Across these combined 400 rounds of cross validation, GBCs outperformed random forests both overall and at the extreme upper edge of performance, with top-performers making use of a mean imputation strategy and a maximum of 500 or more boosting iterations. It was then discovered that the top classifier from all these 400 rounds—a GBC with a learning rate of 0.01, a minimum leaf size of 50, and a maximum of 2000 iterations of the boosting process—could be improved even further by leaving missing values untouched and by specifying categorical features by index—eliminating the need for one-hot encoding. Examining this model's precise prediction errors, it was notable that predictions of Rodentia could be found in every single order—particularly in lagomorphs and soricomorphs, which obtained mediocre recall scores. Given the training data's great imbalance toward Rodentia, two resampling techniques were evaluated: in the first case, the model randomly undersampled the majority order—Rodentia—to one-fourth its prevalence in the training set, while in the second case, the model randomly oversampled the number of instances of all non-majority orders (non-Rodentia orders) up to the number of Rodentia instances in the training set. Both of these techniques led to noteworthy performance improvements compared to the non-resampled model, but the undersampled model marginally outperformed the oversampled model. After determining that this undersampled model did not perform better with more regularization, it was taken to final evaluation on the test set, where it achieved a balanced accuracy of 0.785 and a recall score of at least 0.75 on eight out of the ten orders considered. The classifier was then trained on the entire pre-partitioned dataset and saved down as a byte stream for future use.

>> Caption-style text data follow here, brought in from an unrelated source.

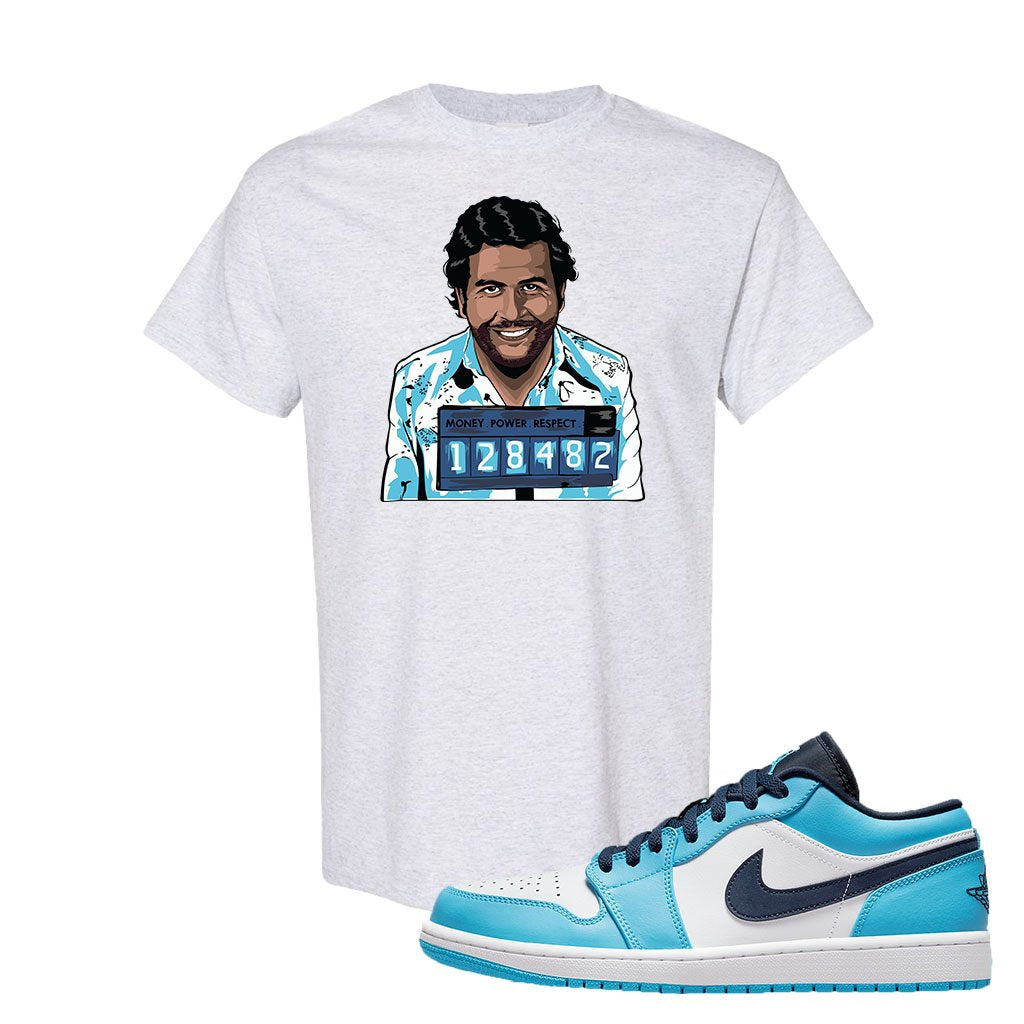 Air Jordan 1 Low UNC T Shirt | Escobar Illustration, Ash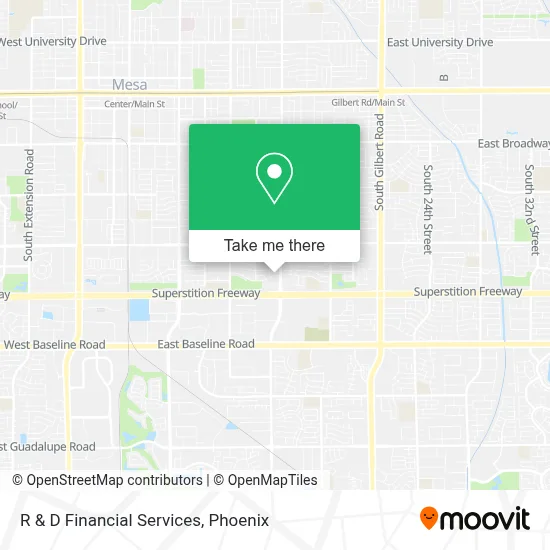 R & D Financial Services map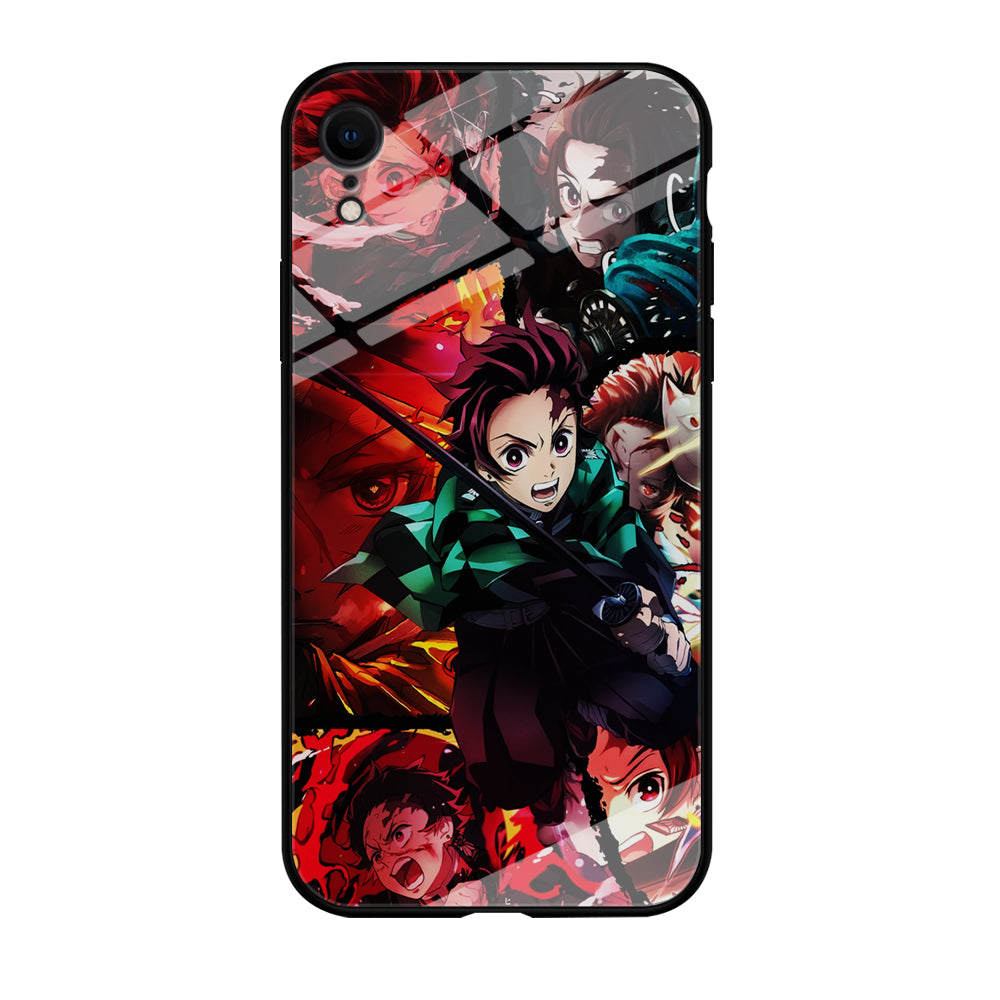 Kimetsu no Yaiba Tanjiro Aesthetic iPhone XR Case-Phone Case-Tempered Glass Case-Altracase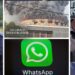 Liberian police, Capitol Building on fire, WhatsApp logo, and J. Fonati Koffa collage representing the Capitol arson case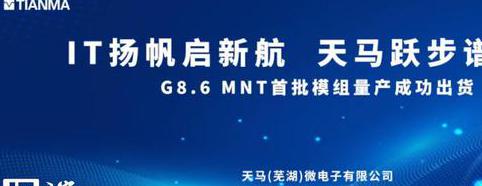 天马 G8.6 MNT 首批模组量产出货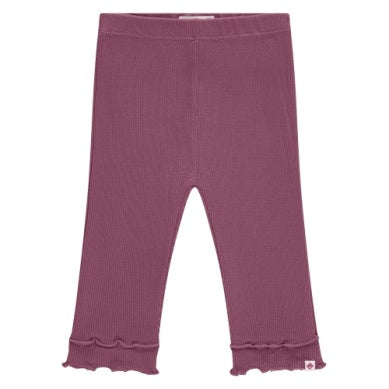 BABY GIRLS BURGUNDY LEGGING
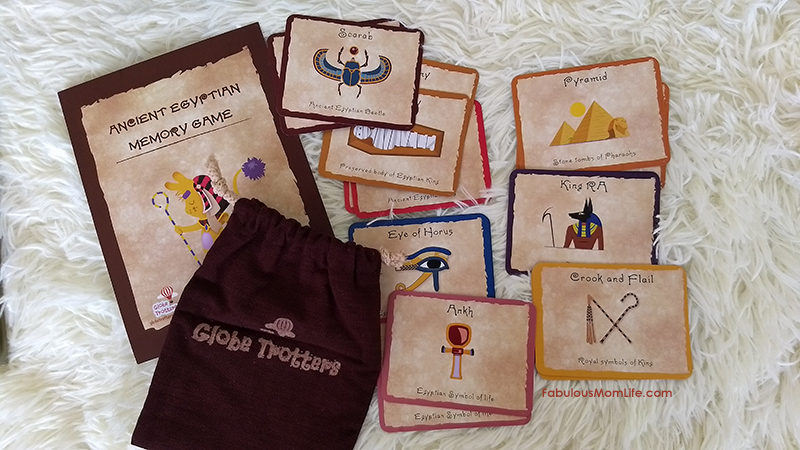 Globe Trotters Box Egypt Memory Game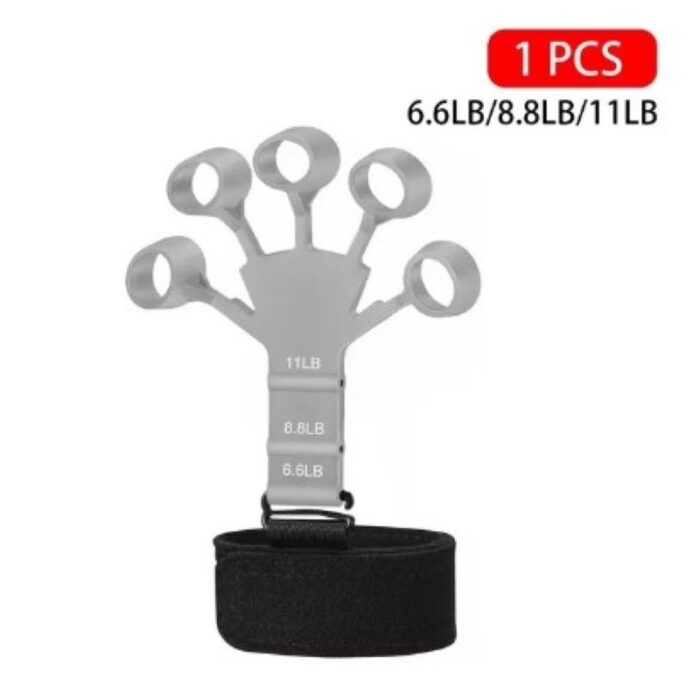 ⁦أداة تدريب وتقوية قبضة اليد مصنوعة من السيليكون القوي لتمرين عضلات اليد والرسغ والأصابع وزيادة مرونتها وقوتها وتخفيف الآلام- مستوى متقدم - لون أسود⁩ - الصورة ⁦5⁩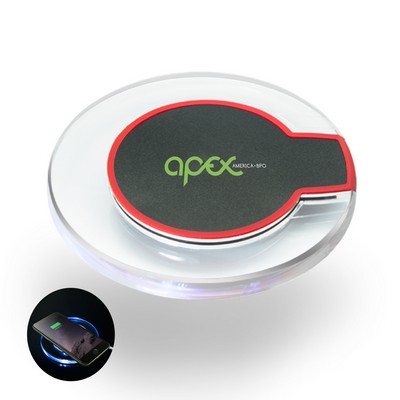 Bongo Wireless Charging Pad (Black/Red)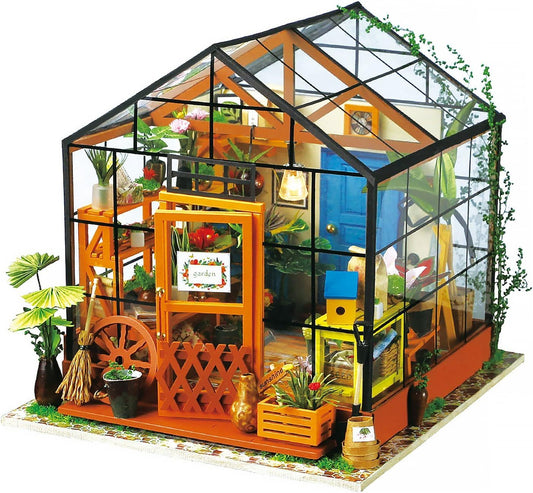 ROBOTIME DIY Miniature Dollhouse Kits Wooden Dollhouse Model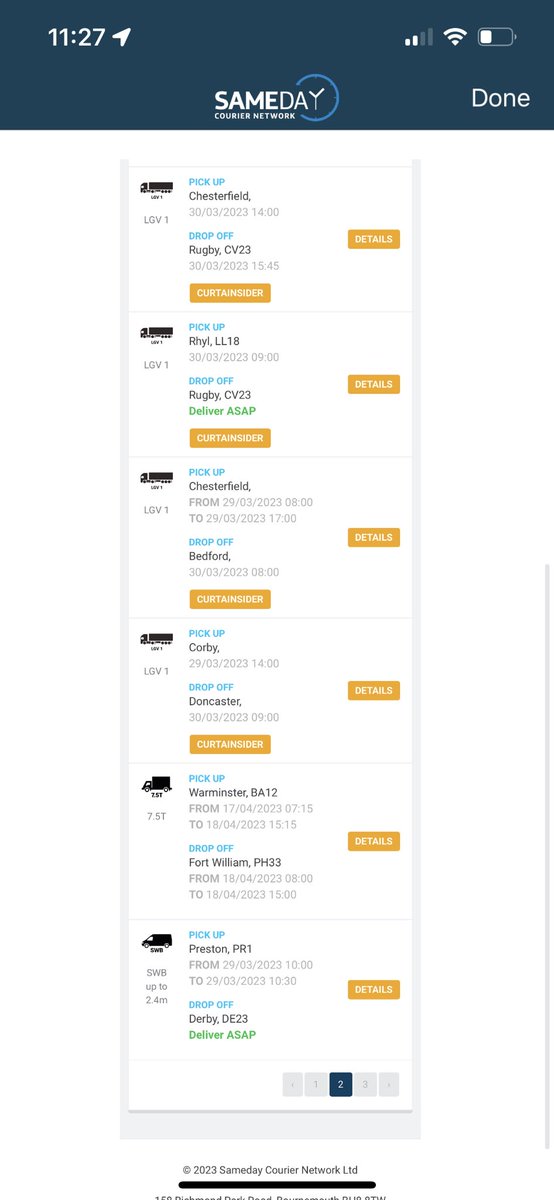 sdcnetwork_info's tweet photo. All van sizes, 7.5T and artic loads available on SDCN. New and previous posting members increasing activity on the platform, more loads progressing daily, SDCN continues to grow. 
https://t.co/77w7qXqkJO 
#couriers #Hauliers #owneroperator #OWNERDRIVER #forwarders #freight https://t.co/ccXgHpFMsg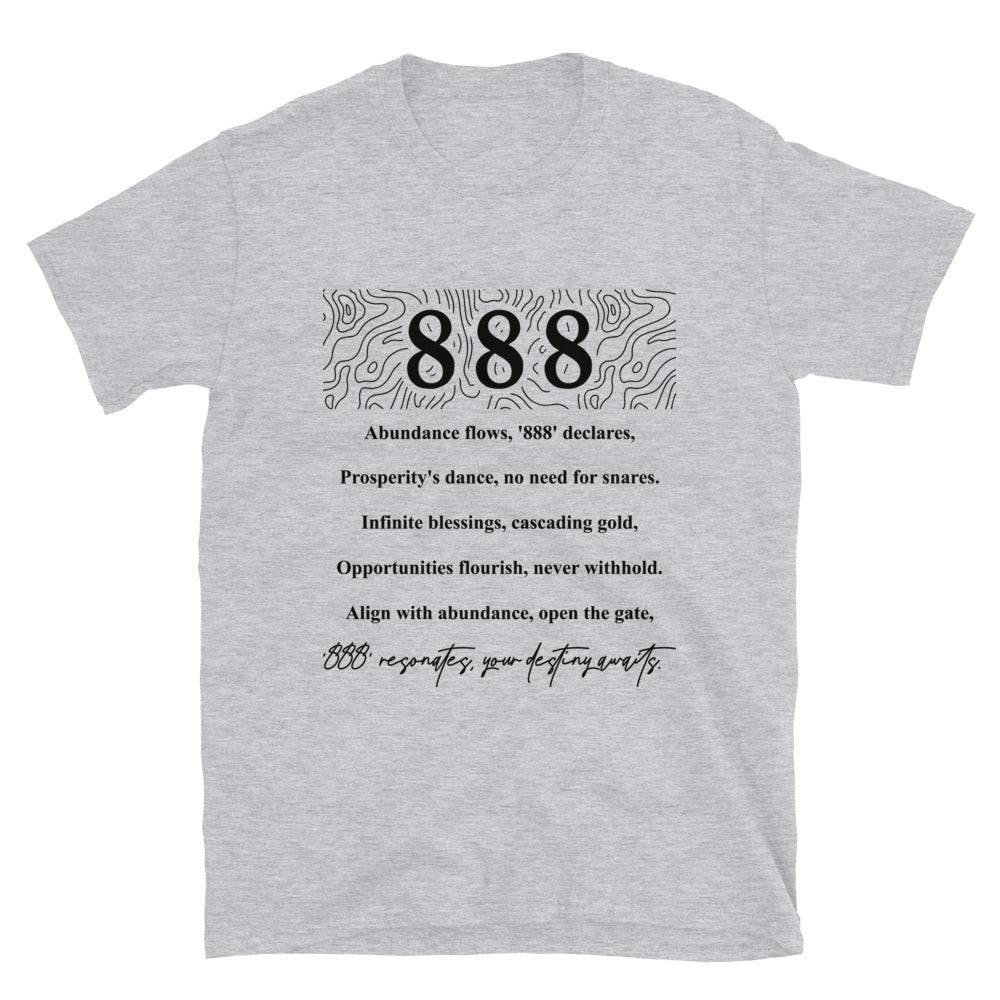 Angel Number "888" Short-Sleeve Unisex T-Shirt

Data Sources and Citations

All data come from the PanTHERIA database (Jones et al., 2009), using the taxonomy set forth by Wilson and Reeder in 2005 (Wilson & Reeder, 2005). Raw data can be found here, with accompanying metadata here. Full citations are below.

Jones, K. E., Bielby, J., Cardillo, M., Fritz, S. A., O'Dell, J., Orme, C. D., Safi, K., Sechrest, W., Boakes, E. H., Carbone, C., Connolly, C., Cutts, M. J., Foster, J. K., Grenyer, R., Habib, M., Plaster, C. A., Price, S. A., Rigby, E. A., Rist, J., . . . Purvis, A. (2009). PanTHERIA: a species-level database of life history, ecology, and geography of extant and recently extinct mammals. Ecology, 90(9), 2648. https://doi.org/10.1890/08-1494.1

Wilson, D. E., & Reeder, D. M. (2005). Mammal species of the world: a taxonomic and geographic reference. JHU press.